‘The Search for the Social Contract in England’s Regions’
This project will use Social Contract theory to investigate (the lack of) engagement with sub-national institutions and policies in England.It will do this by using a case study of the Leicestershire region and analysing data through the lens of Social Contract Theory (principally through the work of Rousseau, Hobbes and Locke). The project is one of the first to use Social Contract Theory to analyse regional studies data and this will develop our empirical understanding of how sub-national governance can engage with the local population and business community in these ways to form the networks that drive local economies. The use of Social Contract Theory allows for new theoretical insights which will extend regional studies theories relating to network building, trust and regional leadership. Hobbes, Locke and Rousseau argued that it is only when it is clear to the population that a government or institution can provide them with protection and prosperity that they will submit to their authority.

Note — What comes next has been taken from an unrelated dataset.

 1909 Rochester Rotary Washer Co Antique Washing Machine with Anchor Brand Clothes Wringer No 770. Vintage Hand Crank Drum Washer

Read more about this research here: https://regions.regionalstudies.org/ezine/article/between-liberty-and-regional-leviathan-establishing-engagement-with-local-governance-in-leicestershire/
“Perhaps the biggest impact of the RSA EC grant on my career has been the confidence I have gained from being awarded the grant. Since winning the grant I have gone on to secure a number of other grants with colleagues meaning that I am now fully ensconced in the research community at both my institution and the wider academic community. Though this I have been involved in the launch of the INCITE (Innovation and Creativity in Transformational Economies) Research Group which I now co-direct. We have gone on to carry out extensive research in Vietnam, resulting in collaborations with local academics and Government Ministries on the economic development of Vietnam as well as emergent research in Kazakhstan, Kyrgyzstan and Uzbekistan where the knowledge I developed during the RSA grant directly informs our work. In addition, I am now working with the Anthropocene Research Group based in the Geology Department at Leicester on projects exploring how the scientific data on the climate crisis can be translated into public policies to address that crisis and gain the support of the public and business. These research activities and the associated grant capture led to my successful promotion to Associate Professor at the start of the 2019/20 academic year. I do not believe that any of the research work I have done since 2018 would have been possible without the RSA EC grant.”